In mid-December, Google launched its new Google My Business API, allowing brands and developers alike to automate the management of their business listings without the need for bulk files and tedious spreadsheets. Now, local marketers can create and edit locations via the API. But they can also manage special hours, control access at the local level, set service areas and more.
Perhaps the greatest advantage of the API is that it enables brands to push critical business information to Google Search and Maps in near real time. This eliminates the lengthy verification process to which Google My Business UI changes are subjected. This remains critically important in an age where Google is gradually turning mobile search into an app-like experience. Local Search Association’s Greg Sterling discussed this in a recent column.
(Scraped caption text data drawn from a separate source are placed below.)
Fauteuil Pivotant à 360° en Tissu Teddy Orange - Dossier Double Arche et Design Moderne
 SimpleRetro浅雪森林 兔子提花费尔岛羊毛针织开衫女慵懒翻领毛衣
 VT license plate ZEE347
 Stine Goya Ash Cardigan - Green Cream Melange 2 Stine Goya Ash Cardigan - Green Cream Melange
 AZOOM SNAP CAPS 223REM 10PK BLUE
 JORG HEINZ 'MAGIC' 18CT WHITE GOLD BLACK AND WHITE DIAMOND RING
Recent updates in SERPs (search engine results pages) and Maps have mobile users more accustomed to seeing the information and options they seek without having to actually navigate to your website. When it comes to hours, business description, phone number, or directions to a nearby location, consumers expect to see that information in a Google business listing. In their critical moments of need, it had better be accurate or they’ll go elsewhere.
The Benefits of the Google My Business API Integration
The GMB API makes it simpler and more efficient for multi-location brands to manage their local listings. Traditionally, GMB would accept a bulk upload with information for 10 or more locations, which would be reviewed and published out to search results. You could expect this process to take anywhere from a couple of hours to a few days (with some discrepancies along the way).
This presents a major challenge for larger brands, especially when a listing needed to be changed immediately and/or temporarily.
Consider an inclement weather event like a hurricane, for example. An owner may shut 15 stores down early for the day and until further notice. It’s critical that business listings across Google Search and Maps immediately reflect that change. Using the Google My Business dashboard, a local marketer could submit changes for those 15 stores, but it might be days before your requests are verified and the correct information appears to mobile searchers.
With the API, those changes go live in near real-time to the Google SERPs.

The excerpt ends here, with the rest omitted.